Intelllex saves lawyers from ‘reinventing the wheel’

The Edge Singapore

The glamour and big bucks of the law has long been a key pillar of the “Singapore Dream”, but the trials and tribulations of the legal profession have often been cause for second thoughts. A day in the life of a high-flying attorney involves poring through piles of legal documents written in arcane language under severe time pressure. Small wonder, then, that three out of four lawyers leave the profession within 10 years.

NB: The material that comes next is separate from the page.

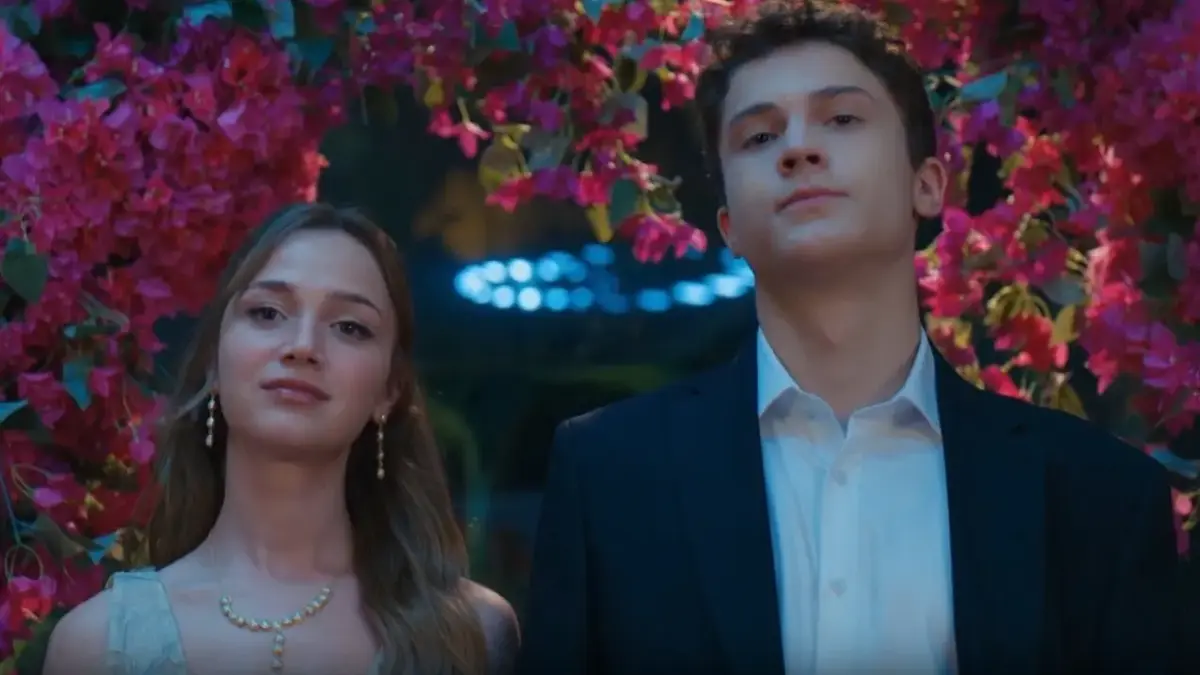 Daha 17'de Aras ve Leyla'nın Aşk Oyunu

Memories of stressful all-nighters, dealing with difficult bosses and having meals at odd hours remain vivid in the mind of one young lawyer. “You will also become heavily reliant on coffee or energy drinks, and drink copious amounts of alcohol on nights off to combat the stress and calm the nerves. Your social life will suffer. And trust me, you are going to be cancelling a lot of lunch and dinner appointments,” says RV, a member of the Law Society’s Young Lawyer’s Committee in an op-ed for its Law Gazette publication.

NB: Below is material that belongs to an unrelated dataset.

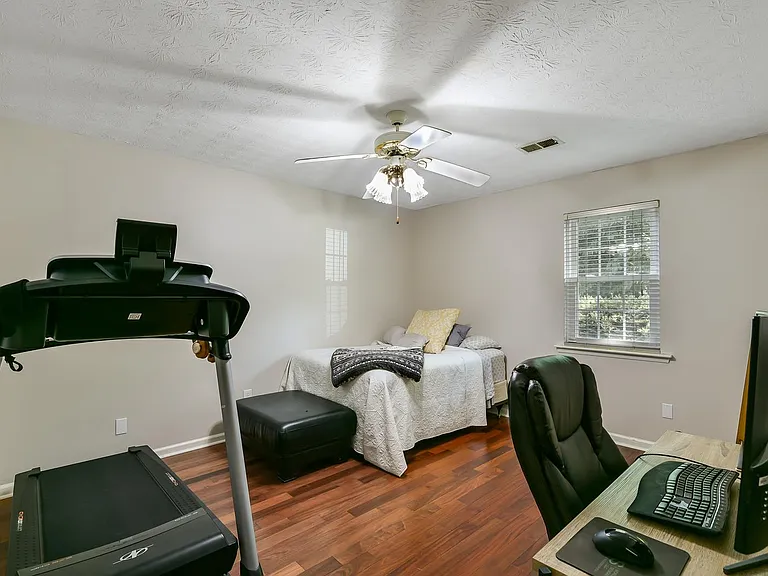 2598 Redfield Dr — Photo 12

Much of this stress stems from how law firms manage the reams of information that come their way. As Singapore’s common law legal system requires lawyers to cite legal precedent from past cases, attorneys need to deal with large amounts of information gleaned over several years.

Borrowing a line made famous by former US defence secretary Donald Rumsfeld, former lawyer Chang Zi Qian says that attorneys often “don’t know what they don’t know”. The process by which they obtain information from databases and colleagues is often uncoordinated and manual.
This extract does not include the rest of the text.